Transcribe the entries below exactly, starting with the line that has "DOUBLE COIN RR202" and stopping after the line that has "661 Michael Circle, Monroe, GA"; no pictures belong in the copy.

GIVEN RECORDS below:

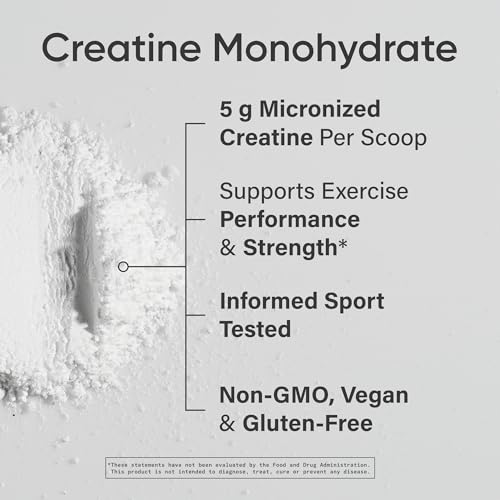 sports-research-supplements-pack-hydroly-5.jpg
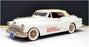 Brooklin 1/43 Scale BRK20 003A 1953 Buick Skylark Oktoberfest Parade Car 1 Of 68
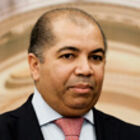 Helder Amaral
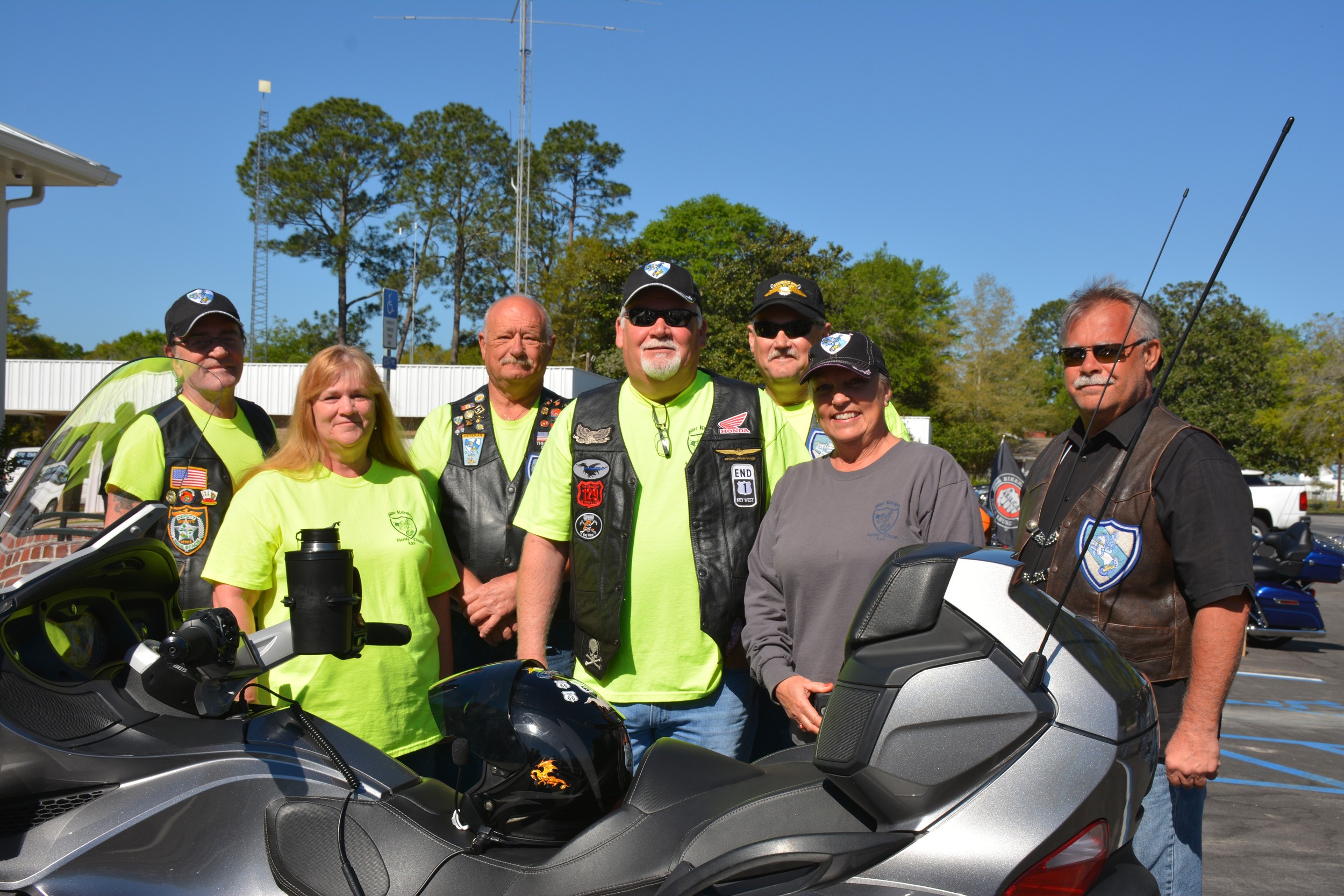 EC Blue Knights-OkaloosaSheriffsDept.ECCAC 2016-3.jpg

End of GIVEN RECORDS.
GIVEN RECORDS below:

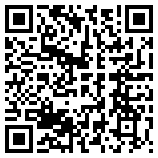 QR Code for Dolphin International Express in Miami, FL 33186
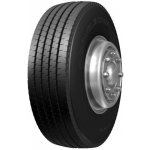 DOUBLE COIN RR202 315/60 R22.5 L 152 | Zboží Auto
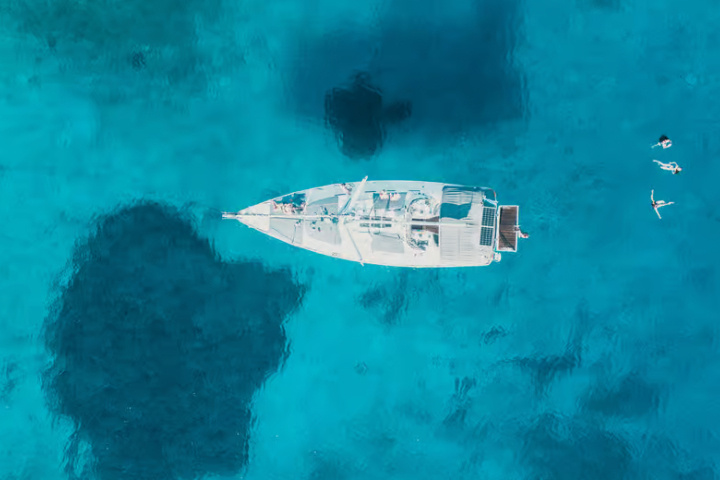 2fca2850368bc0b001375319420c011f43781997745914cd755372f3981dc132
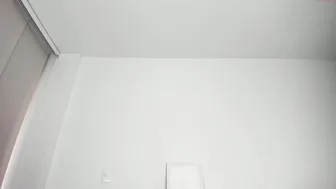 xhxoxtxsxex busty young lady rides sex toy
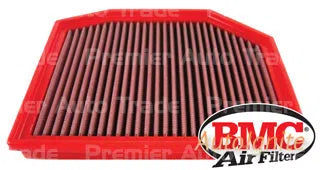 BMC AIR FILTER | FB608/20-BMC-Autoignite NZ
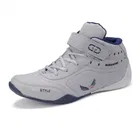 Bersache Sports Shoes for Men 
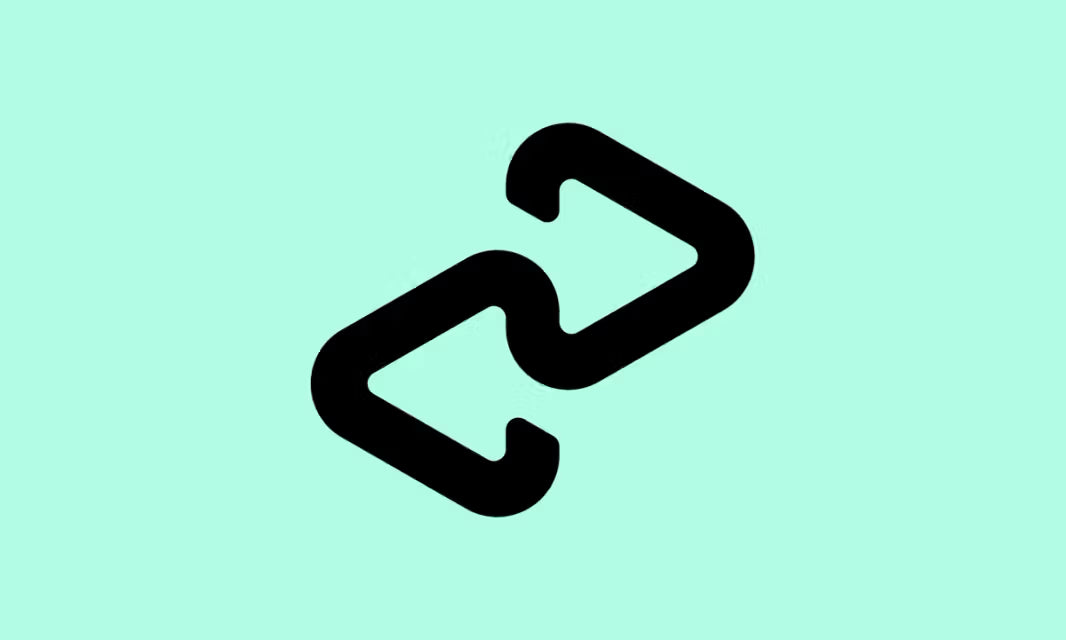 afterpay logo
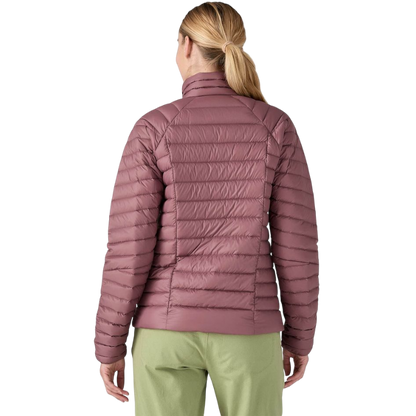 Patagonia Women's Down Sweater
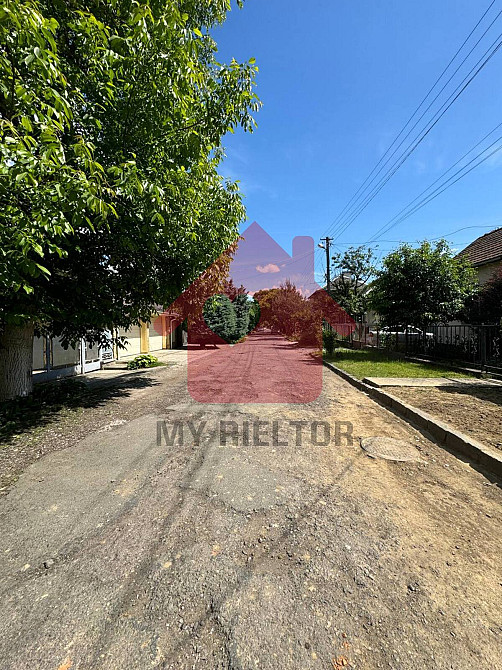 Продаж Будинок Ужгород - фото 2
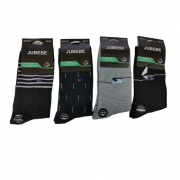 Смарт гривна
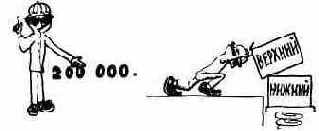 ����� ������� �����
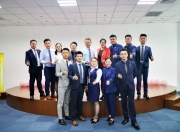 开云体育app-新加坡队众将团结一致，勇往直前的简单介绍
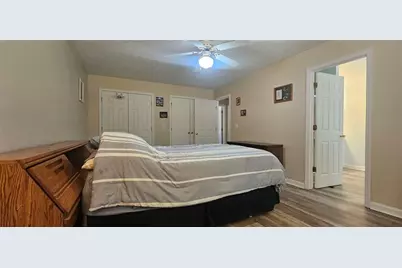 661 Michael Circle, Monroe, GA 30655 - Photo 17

End of GIVEN RECORDS.
GIVEN RECORDS below:

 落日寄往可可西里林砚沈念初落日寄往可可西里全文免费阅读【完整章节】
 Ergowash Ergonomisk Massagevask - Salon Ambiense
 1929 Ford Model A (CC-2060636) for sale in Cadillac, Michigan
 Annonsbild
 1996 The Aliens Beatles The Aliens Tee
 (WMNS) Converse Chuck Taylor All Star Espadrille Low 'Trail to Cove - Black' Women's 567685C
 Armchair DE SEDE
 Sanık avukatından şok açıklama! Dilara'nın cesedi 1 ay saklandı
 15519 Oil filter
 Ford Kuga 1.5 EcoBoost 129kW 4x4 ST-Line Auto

End of GIVEN RECORDS.

_EXERCISE OUTPUT:_
 DOUBLE COIN RR202 315/60 R22.5 L 152 | Zboží Auto
 2fca2850368bc0b001375319420c011f43781997745914cd755372f3981dc132
 xhxoxtxsxex busty young lady rides sex toy
 BMC AIR FILTER | FB608/20-BMC-Autoignite NZ
 Bersache Sports Shoes for Men 
 afterpay logo
 Patagonia Women's Down Sweater
 Продаж Будинок Ужгород - фото 2
 Смарт гривна
 ����� ������� �����
 开云体育app-新加坡队众将团结一致，勇往直前的简单介绍
 661 Michael Circle, Monroe, GA 30655 - Photo 17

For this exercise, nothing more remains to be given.